Re: Perl cgi without mod_perl, your experience
by Seumas (Curate) on Jun 22, 2004 at 14:54 UTC
    Before I describe my situation, let me mention that I am not a web developer or a professional coder and my site is a hobby.

    I run a large auction site. I wrote the entire engine from scratch -- 15,000 lines of PERL with HTML::Template as the presentation layer, PostgreSQL on the backend, served by Apache 1.3.29 on Debian (testing).

    My code is somewhat of a mess because I've been learning as I go over the years and without coding experience prior to perl, grasping OO is a huge leap. I'm rewriting my code so in an OO way bit by bit so that I can eventually use mod_perl.

    I serve approximately 30,000 pages per day (filled with photos and thumbnails for auctions) on a dual 1.5ghz AMD Athlon machine with 2gb RAM and have an average server load of perhaps 25%. During extreme peak times, it might reach 60% but only for a short duration.

    There's really no reason not to use mod_perl unless you're just not sure that your code is up to snuff.
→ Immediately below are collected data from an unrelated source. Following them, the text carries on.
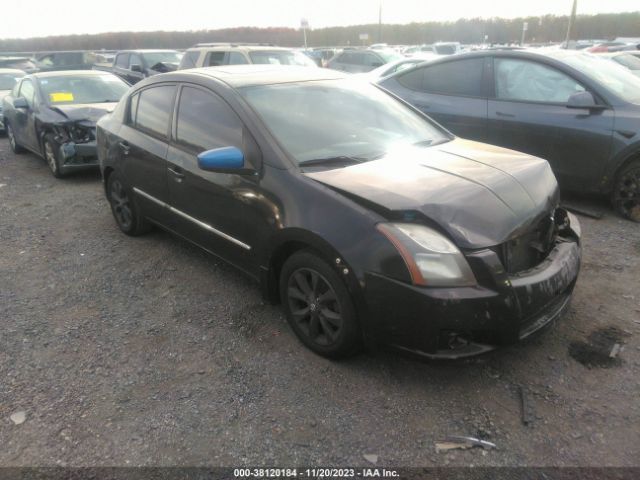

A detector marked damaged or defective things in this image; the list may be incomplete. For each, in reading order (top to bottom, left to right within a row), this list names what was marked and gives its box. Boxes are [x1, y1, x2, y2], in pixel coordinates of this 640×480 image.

damaged hood [48, 102, 118, 124]
damaged hood [302, 138, 556, 248]
damaged front bumper [364, 212, 580, 358] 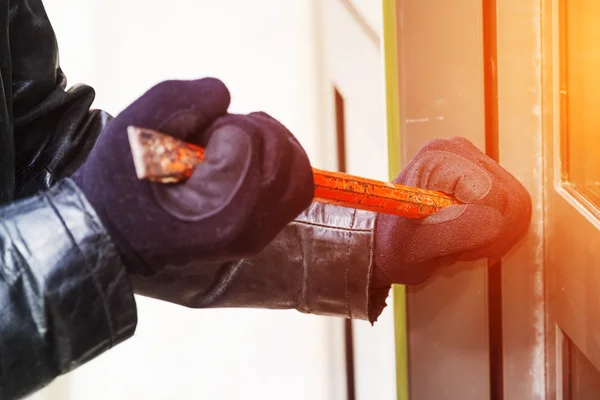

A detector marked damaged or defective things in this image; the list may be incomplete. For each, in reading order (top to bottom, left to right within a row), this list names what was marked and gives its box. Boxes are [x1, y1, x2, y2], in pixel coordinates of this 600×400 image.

rust texture on metal [125, 126, 454, 217]
rusty pry bar [127, 126, 460, 217]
Even then, you can run in a modified mode which will still give you some speed benefits to the tune of four or five times.
      Thanks, Seumas!

      I'm rewriting my code so in an OO way bit by bit so that I can eventually use mod_perl.
      From my understanding, plain perl code will run with mod_perl. No? I thought all that mattered was making sure that you don't have globals?
        It doesn't need to be OO, but as you progress you'll find it's much easier to build modules out of your code and then use them in your applications.
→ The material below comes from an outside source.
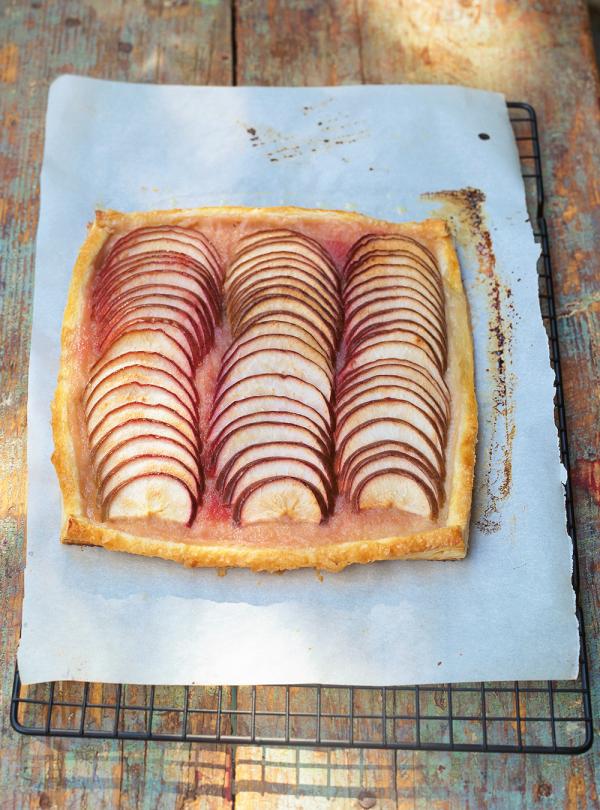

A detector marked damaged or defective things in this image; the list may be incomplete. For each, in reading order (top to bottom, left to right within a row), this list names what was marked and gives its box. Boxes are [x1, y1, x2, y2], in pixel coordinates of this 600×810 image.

brown scorch mark on parchment [422, 186, 516, 532]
        You are correct about globals, programming under mod_perl is what finally got me into the habit of using my.

        Saying what everyone else has said in a different way:
        Since you're running on Windows, remember that you're going to be loading and unloading perl.exe and the perlxx.dll for every request. This can begin to fragment your memory over time. XP reclaims memory much better than NT did, neither as well as a *nix will. Consider a thousand requests coming in, each loading an interpreter and parsing a script, each with a footprint of between 2mb and 10mb each. This can eat up memory very quickly.
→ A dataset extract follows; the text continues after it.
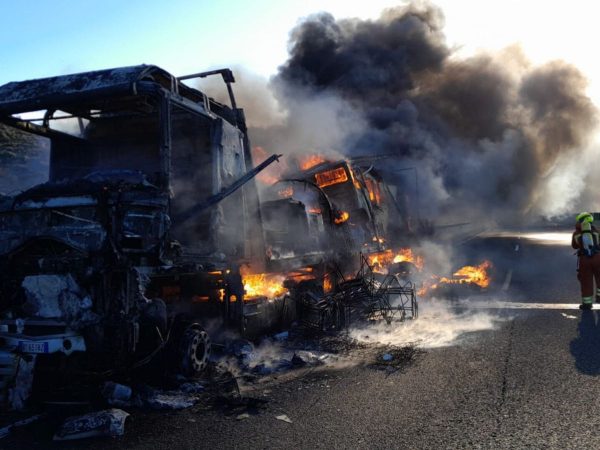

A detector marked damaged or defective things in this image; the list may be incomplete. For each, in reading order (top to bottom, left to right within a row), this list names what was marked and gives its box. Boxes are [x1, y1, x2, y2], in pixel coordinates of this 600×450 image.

collapsed vehicle structure [0, 65, 418, 410]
        I suggest opening up task manager and adding the mem usage, vm size, and peak mem usage columns to the processes page. Then try to fire up 10 (or as many as you can) connections to your script and watch the processes come in and out. It's a real simple and fast way to see how that's going to scale. I think somebody posted a simple stress test here before, you could easily do it with a quick POE script as well.

        HTH
        Since your code is persistant under mod_perl, you just want to make sure that it's clean code so it isn't necessary to write your stuff in an OO way.

        Really, you want to write clean code - whether or not you're using mod_perl. If it's clean, you'll be able to move to mod_perl later if you want/need/can.

        Unfortunately, in my case, I'm re-writing a system I wrote from scratch when I was first picking up the language so it's kind of messy.